憧は、そんな玄を心の底から愛おしく思った。

 

 

「あー、それにしても、しずにはちゃんと言っとかないと」

「え?」

「あいつ、部活が休みって連絡くらい、ちゃんとしなさいよねー」

憧は休みの連絡を忘れた、ここにはいない穏乃に文句を言う。

「まぁ、そのおかげでこんな事になっちゃった訳なんだけどねー。
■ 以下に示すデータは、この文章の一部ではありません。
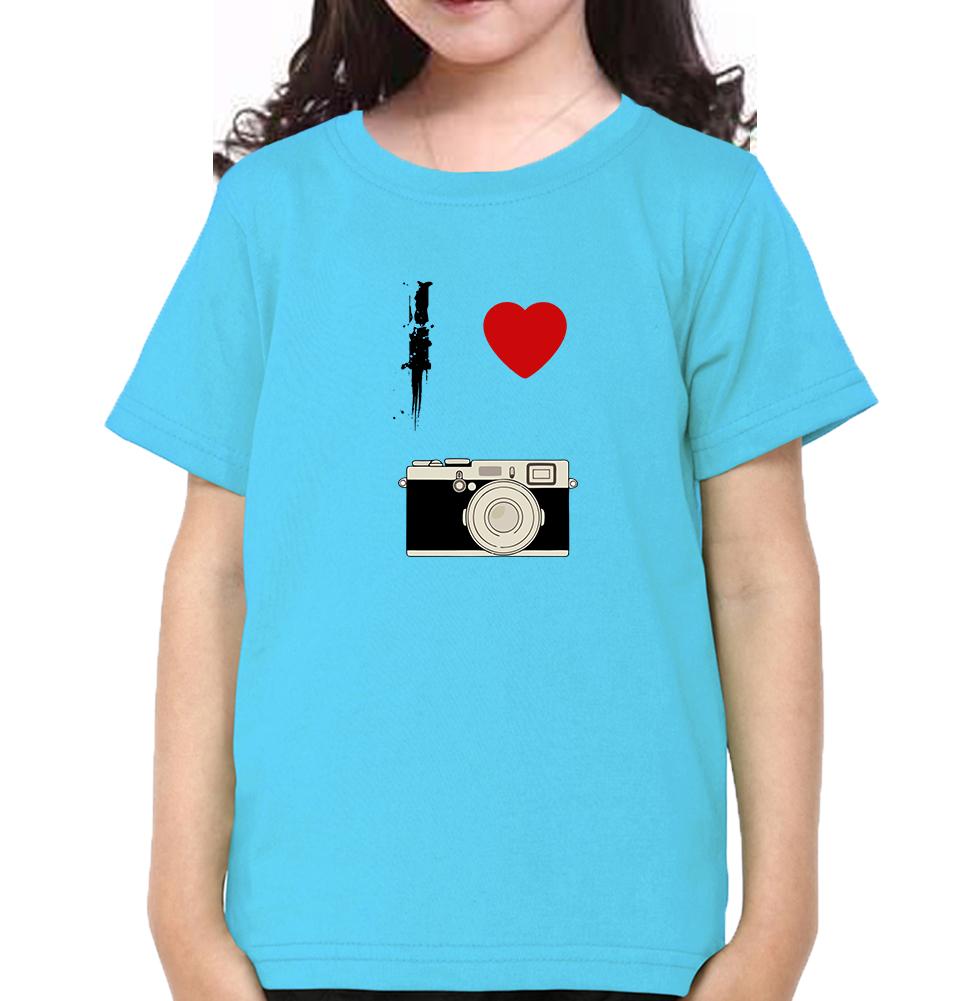 I love camera Half Sleeves T-Shirt For Girls -FunkyTeesClub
でもそれとこれとは話が別」

それを聞いた玄が、口ごもる。

「あ…そ、その事なんだけど…」

「ん?」

「今日部活ないっていう連絡…ね?」

「うん」

「本当は私が伝えないといけなかったの…」

「え?」

「でも、憧ちゃんと二人きりになりたくて…わざと連絡しなかったの…」

「え……?」

玄からのなかなかに衝撃的な告白に固まる憧。

そして、混乱しながらも頭の中を整理する。

「……って事は…今日のは、全部玄が仕組んだ事…?」

「し、仕組んだって、人聞き悪いよぉ…」

玄は慌てて否定するが、その語気は弱く、肯定しているようなものだった。

憧はさらに踏み込む。

「もしかして、最初寝てたのも…」

「え…?」

「あれ、もしかして私に手出させる為に寝たふりしてた…?」

「そ、それは違うよ…?」

目を泳がせながら否定する玄を、憧は強い口調で問い詰める。

「玄があんな風に居眠りするなんて今まで見たことないもん!」

「う……」

「白状しなさい!あの時、起きてたでしょう!?」

「う……あの…その…」

言い淀む玄。

だがすぐに観念し、絞り出すように答える。

「うん……寝たふり、してた…」

「じゃあ…初めからこうなる為に…」

「ご、ごめんなさい…」

正直に白状し、謝る玄。

だが憧はそれを聞いて、許すどころか憤慨する。

「あ、謝れ!!謝りなさい!」

「えっ、さ、さっきと言ってる事が違うよ?」

「あー、もう!騙された!」

「だ、騙した訳じゃ…」

そして憧は罰を玄に言い渡す。

「絶対許さない!次はもっと恥ずかしい事してやるっ」

「えっ、それは本当に許して…」

「ダメ!絶対に許さない!」

「あれ以上されたら、私死んじゃうよ〜」

そう言いつつ、玄の表情は明らかに緩んでいた。

それを見て、憧は呆れたように溜息をつく。

「ってか…玄、なんか期待しちゃってない?」

「し、してないよ!?」

「もしかして玄って、恥ずかしいの好き?」

「そ、そんな事ないよっ」

「さっきだって、恥ずかしい恥ずかしい言いながら凄かったし」

「な、何が!?」

「すごい濡れてたし」

「い、言わなくていいからっ」

玄は顔を真っ赤にしながら憧の口を塞ぐ。

だがやはり、その表情はどことなく嬉しそうだった。

そんな玄を見て、憧は急速に怒りが削がれていく。

一つ溜息をついて、諦めたように言う。

「まったく…玄がこんなやらしい子だったとはねぇ…」

「や、やらしくないよ…」

「寝たふりしてエッチ誘っちゃうような子が?」

「うっ…言わないでよぉ…」

そして憧は玄の手をそっと握る。

「まぁ…それはそれとして、これからよろしくね」

「え?」

玄は顔を上げ、憧を見る。

憧はさっきまでとは打って変わり、優しく微笑む。

「あんな事しちゃったんだから、今まで通り友達のままなんて無理だよね」

「え…」

「こんな関係から始まるってのもなんか微妙だけどさー」

「え…、そ、それどういう…」

憧の言葉の意味が分からず、戸惑う玄。

憧は少しだけ頬を赤くさせながら、不満顔で言う。

「…玄って結構鈍い?」

「え……」

「だーかーらっ、分かるでしょ?」

「…え?」

「こういう事よ」

憧は玄の頬に手を添え、目を閉じた。

そして唇を重ねる。

さっきのとは違い、優しく口の中をくすぐるような、甘いキスだった。

30秒間、部室から音が消えた。

「…これからよろしくね、玄」

「憧ちゃん…」

 

そうして、二人は恋人同士になった。